He said based on existing law, no one has the right to forbid actions taken by the Conference of Malay Rulers.

“I was advised by my law advisers, that neither the Prime Minister nor Cabinet members have any power under the Federal Constitution or any law that fixes a date to delay or interfere with the requests of the Rulers.

“The authoritative words are ‘segera bersidang’ (convene immediately),” Tengku Razaleigh, otherwise known as Ku Li, said during a Facebook live telecast this evening.

The former finance minister added that the executive powers of the Prime Minister and the Cabinet are only to advise the Parliament.

He said it was the right of the MPs and the decision of the Dewan Rakyat Speaker. 

“Nobody has the right to interfere in matters concerning the Dewan Rakyat, which decisions should be made by its members,” he said.

The veteran politician’s message today comes after hearing public views regarding the Agong’s power to summon Parliament to reconvene.

“The King has done accurately and suitably in accordance of the principles and necessity which every living constitution has,” he said.
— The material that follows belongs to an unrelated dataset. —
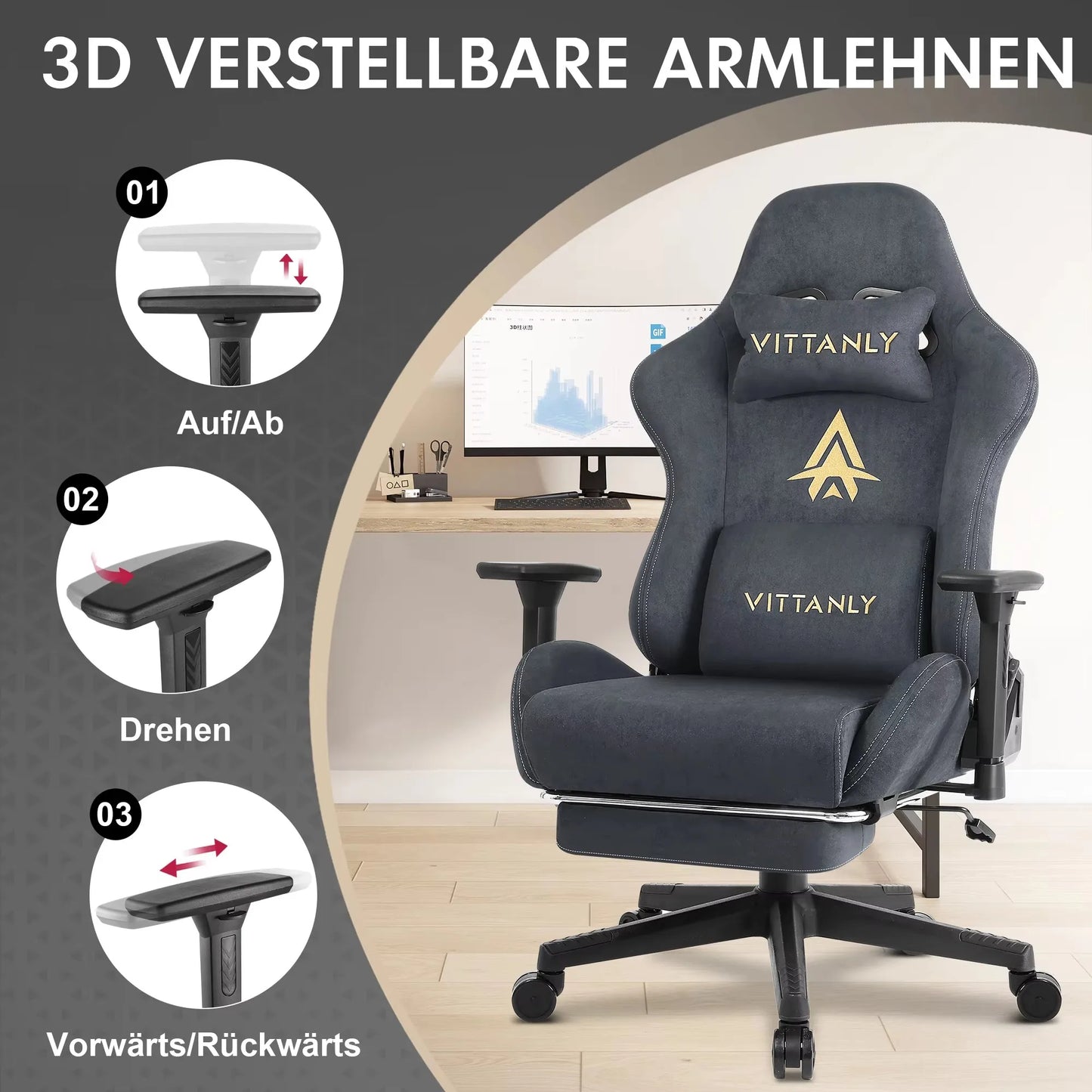 Kitinjoy Gaming-Stuhl, Computer-Bürostuhl mit Fußstütze, höhenverstellbarer Spielstuhl mit 360° ° Drehsitz und Kopfstütze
In contrast to this, last Friday, the attorney general said that the Cabinet is the one that determines when both houses of Parliament would meet, as the Agong’s constitutional power to summon for Parliament to meet is at the Cabinet’s advice.
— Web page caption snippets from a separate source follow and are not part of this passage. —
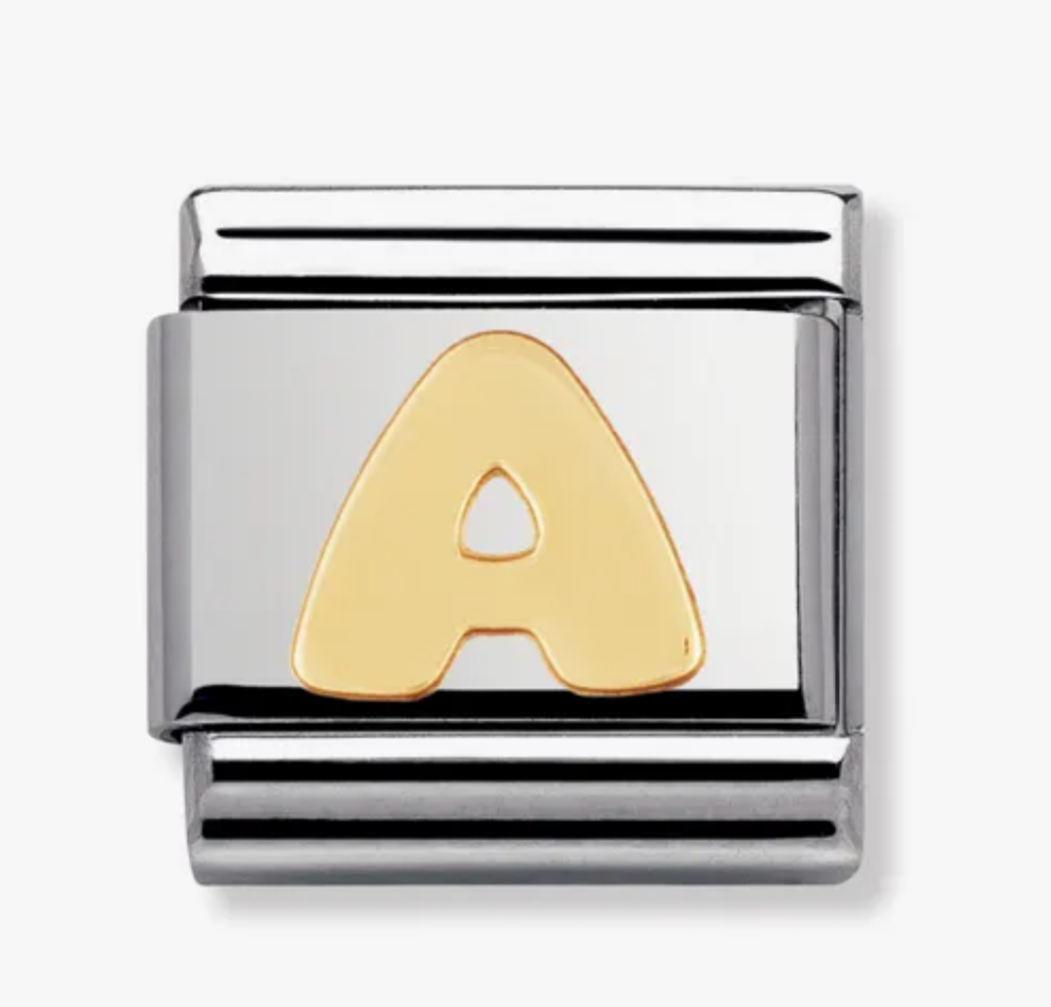 Nomination plain gold letter A charms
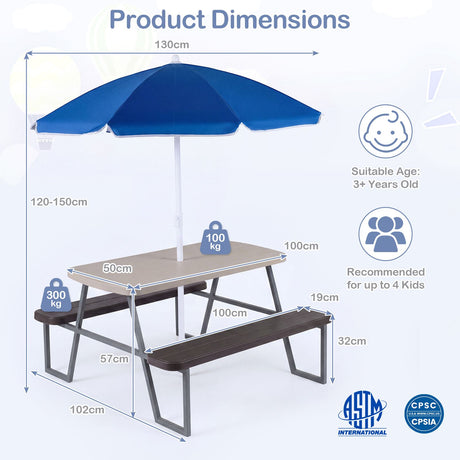 Kids Picnic Table with Benches and Umbrella Seats 4 for Lawn Garden Patio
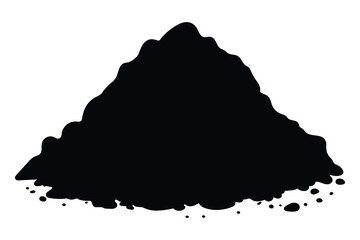 Heap of dirt vector illustration. Black soil pile silhouette, dirt or humus mound. Pile of ground. Design element isolated on white background.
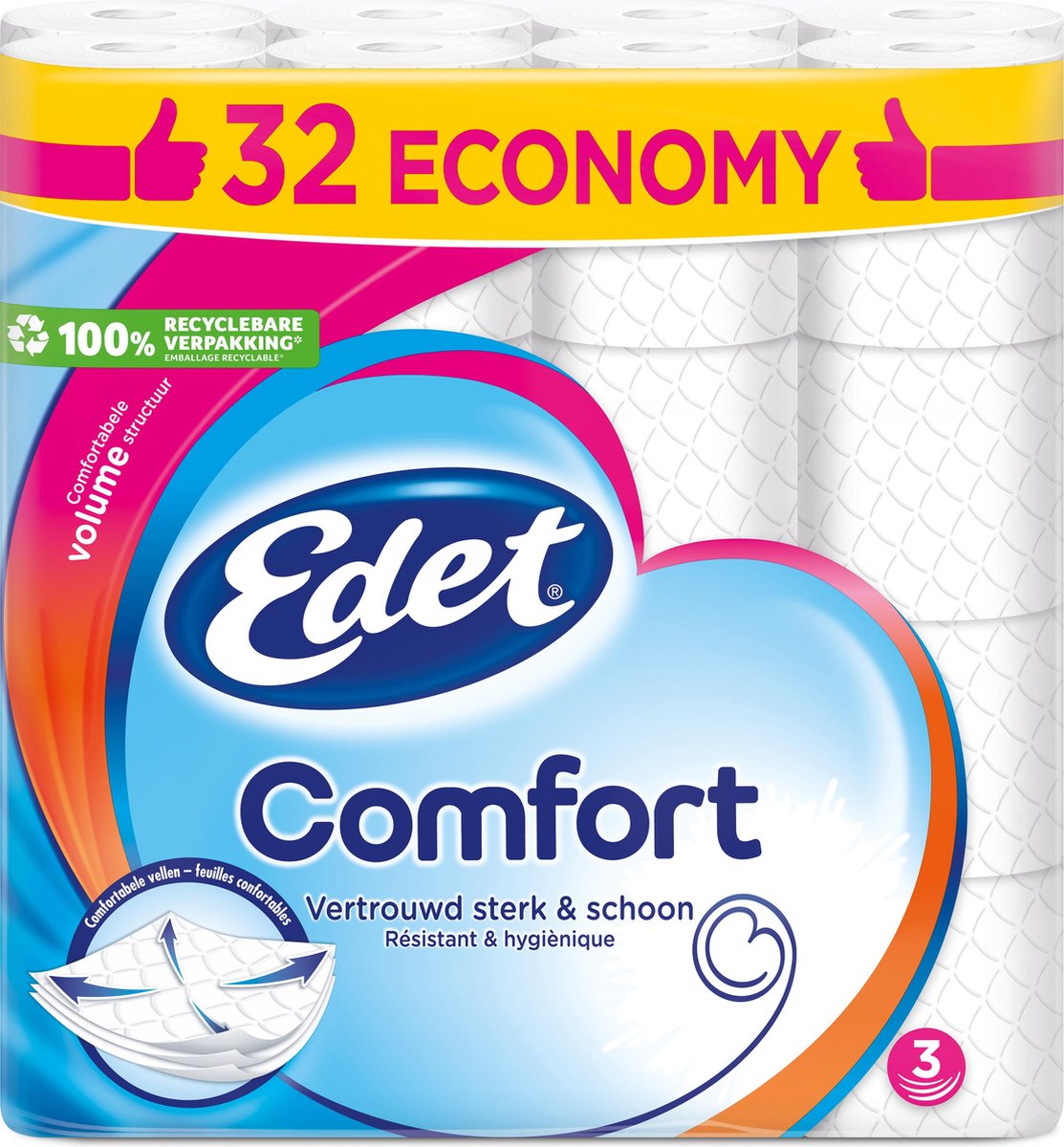 Edet Comfort - 3-laags wc papier - 32 rollen - Edet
Attorney General Tan Sri Idrus Harun had also sought to clarify the legal position under the Federal Constitution regarding the Agong’s constitutional functions.

According to Idrus, the Agong’s powers to summon for Parliament to reconvene and his obligation to act on the Cabinet’s advice, the attorney general had earlier in the statement highlighted two constitutional provisions, namely Article 40(1) and Article 40(1A).

He explained that these two constitutional provisions, among other things, provide that the Agong, while exercising his constitutional functions or functions under federal law, is to accept and act in accordance with the Cabinet’s advice or the advice of a minister acting under the general authority of Cabinet, except otherwise provided by the Federal Constitution.

The attorney general said the King’s position as a constitutional monarch who has to act according to advice given by the Cabinet was based on the Federal Constitution’s Article 39, Article 40 and Article 43.